Pregunta: ¿Tiene mayor capacidad un atleta con pureza espiritual que otro que no se preocupa por la vida espiritual?
Sri Chinmoy: Supongamos que hay dos atletas que estáis al mismo nivel en el plano físico. Si tú eres puro y el otro es
impuro, ¿qué ocurre? Si realmente estáis
al mismo nivel, entonces
ciertamente tú podrás ganar al impuro. Tan pronto como tocas el peso,
serás capaz de controlar tus pensamientos vitales, mentales y físicos.
Pero cuando el otro atleta lo sostiene, mirará alrededor para ver
si otros le están mirando. Cuando está pensando en la audiencia, parte
de su fuerza se pierde. En cuanto se identifica con la audiencia, lo
que obtiene son sus preocupaciones, ansiedades y tensión. Pero
cuando te toca lanzar a ti, en cuanto sostienes el peso, sólo estáis tú
y Dios. No estás permitiendo que tu ser vital se ponga por delante. No
abres la puerta física. No abres la puerta mental. La pureza es tu
guardaespaldas. No deja venir ninguna fuerza negativa. Tú no tienes
idea de quién es bueno, quién es malo, quién es tu enemigo. Tu
guardia-pureza es muy estricto. No permitirá que nada erróneo entre en
tu mente. Así pues, cuando un atleta tiene la misma capacidad que otro,
ganará aquel que sea más puro, porque no se dejará atacar por fuerzas
externas a la hora de la competición.
Pregunta: ¿Cambia de hecho la vida espiritual la forma física?
Sri Chinmoy: Sí, la vida espiritual cambia la forma física si
al practicar la espiritualidad te preocupas por el físico. Hay muchos
Maestros espirituales que practican la espiritualidad y también se
interesan por el físico. Yo soy uno de ellos. Incluso cuando estaba en
India, hacía con regularidad ejercicio físico así como meditaba. Por
otra parte, hay muchos maestros que no se preocupan del físico.
La vida espiritual tiene la capacidad de cambiar el físico, pero si
no empleamos conscientemente la vida espiritual para ayudar al cuerpo,
naturalmente el cuerpo responderá sólo hasta una cierta medida. Depende
del buscador espiritual –si quiere que su vida espiritual entre en su
conciencia corporal o si quiere tener dos existencias separadas. Yo
siento que las dos deberían ir juntas. Pero también, es inútil si el
cuerpo se hace fuerte pero uno no está aspirando espiritualmente.
Cuerpo y alma han de ir simultáneamente en la travesía espiritual.
Cómo ayuda el deporte en la meditación
Pregunta: ¿La concentración que utilizan los atletas, les ayuda de algún modo espiritualmente?

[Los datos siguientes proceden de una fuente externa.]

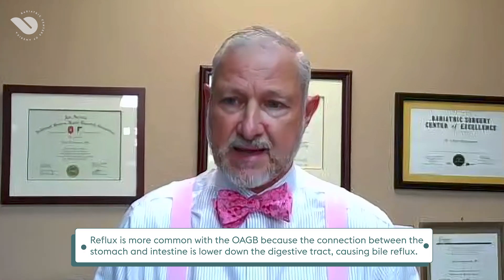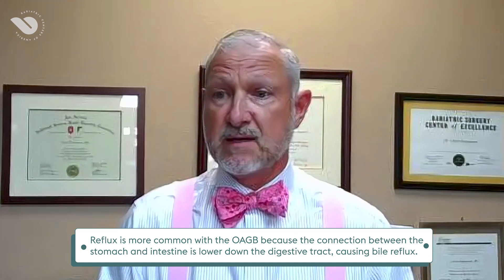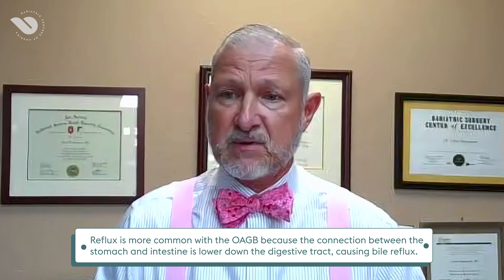There are some benefits on either side with both of these operations. The one concern with one anastomosis gastric bypass long-term is bile reflux going up into that gastric pouch. It certainly doesn't happen to everybody, and this is going to be a procedure that is going to be around for a long time and will fit into our armamentarium of different operations that we can offer.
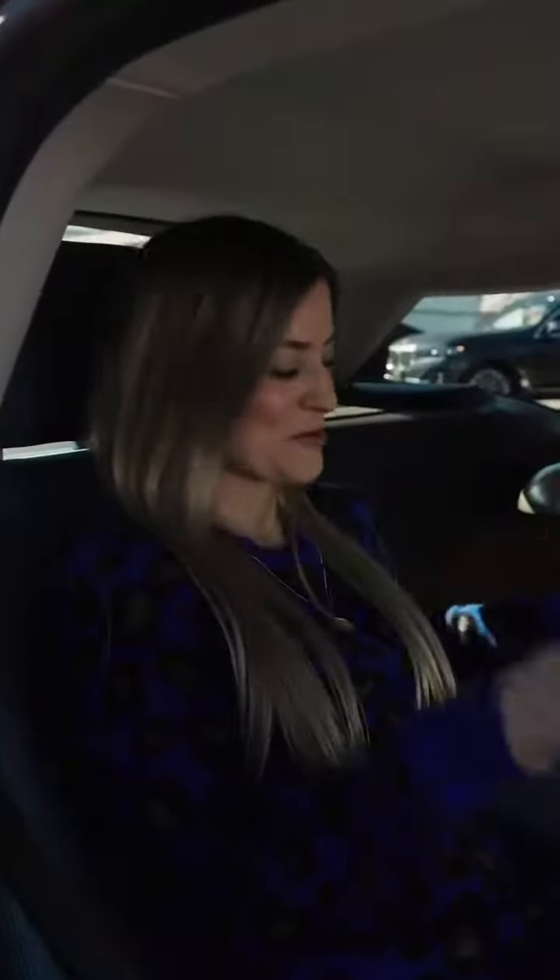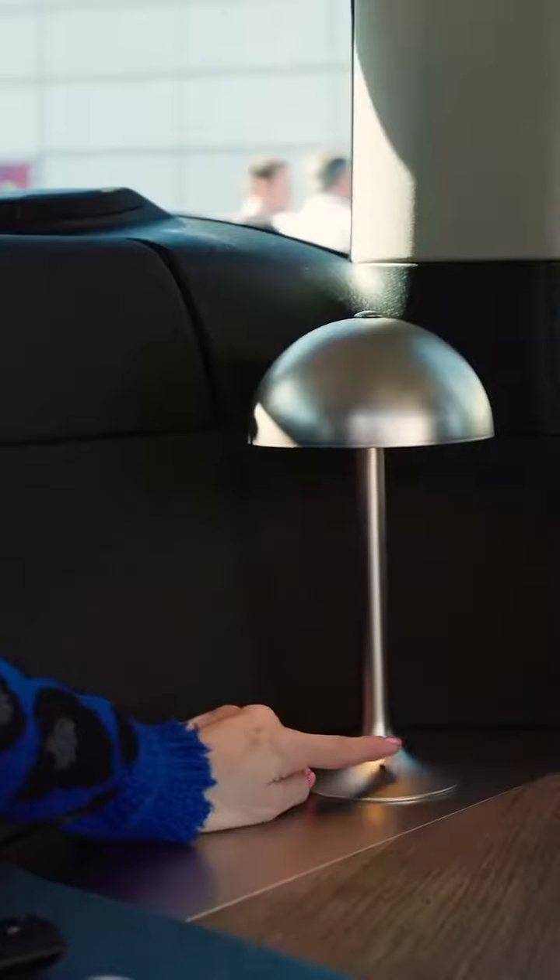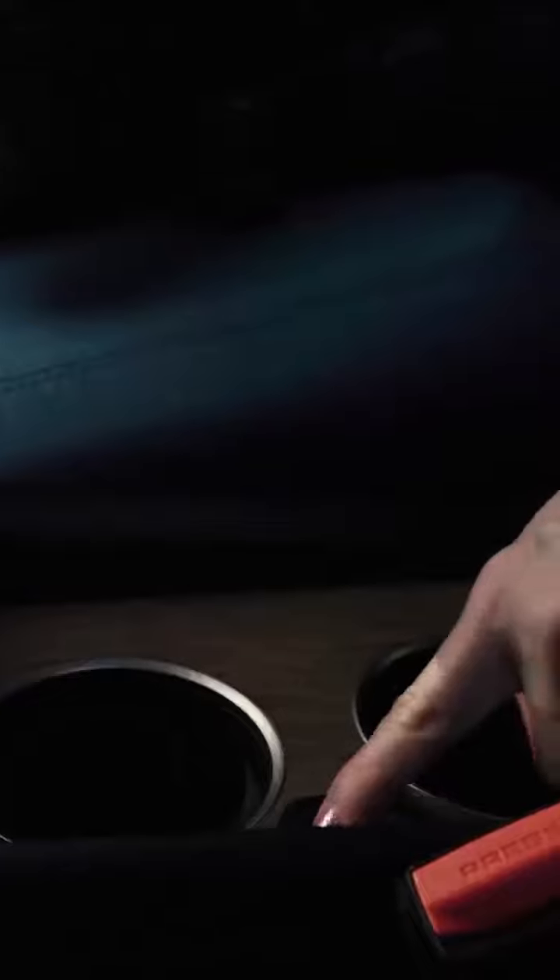There are also speakers in the headrest, which is amazing for some incredible sound while you're watching your TV. This is also really cool — this is a little lamp that is touch sensitive, and this oak is all certified sustainable. These cup holders are also heated and cooling, so depending upon your drink choice, you can heat and cool your drinks at the same time.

Sri Chinmoy: Aunque su concentración es en el plano físico y
el plano vital y no en el psíquico, aún así ayuda. Es un poder, como el
poder-dinero, que puede emplearse para cualquier propósito. Pero si
quieres comprar algo sutil, con el poder-dinero no puedes hacerlo. Para
las cosas sutiles necesitas un tipo de concentración diferente. Hay una
gran diferencia entre la concentración psíquica y la concentración
física o vital. La concentración psíquica es realmente difícil - mucho
más que la concentración física o la concentración vital. Es como el
hermano mayor. Pero el hermano pequeño ciertamente puede ayudar al
hermano mayor. El poder de concentración que aprendes del
atletismo se sumará sin duda a tu concentración psíquica. Y si alguien
tiene concentración psíquica, así como concentración física,
concentración vital y concentración mental, entonces fácilmente puede
ser un gran campeón en el mundo atlético así como en el mundo
espiritual.
Pregunta: ¿Cómo podemos canalizar la energía física en energía espiritual de manera efectiva?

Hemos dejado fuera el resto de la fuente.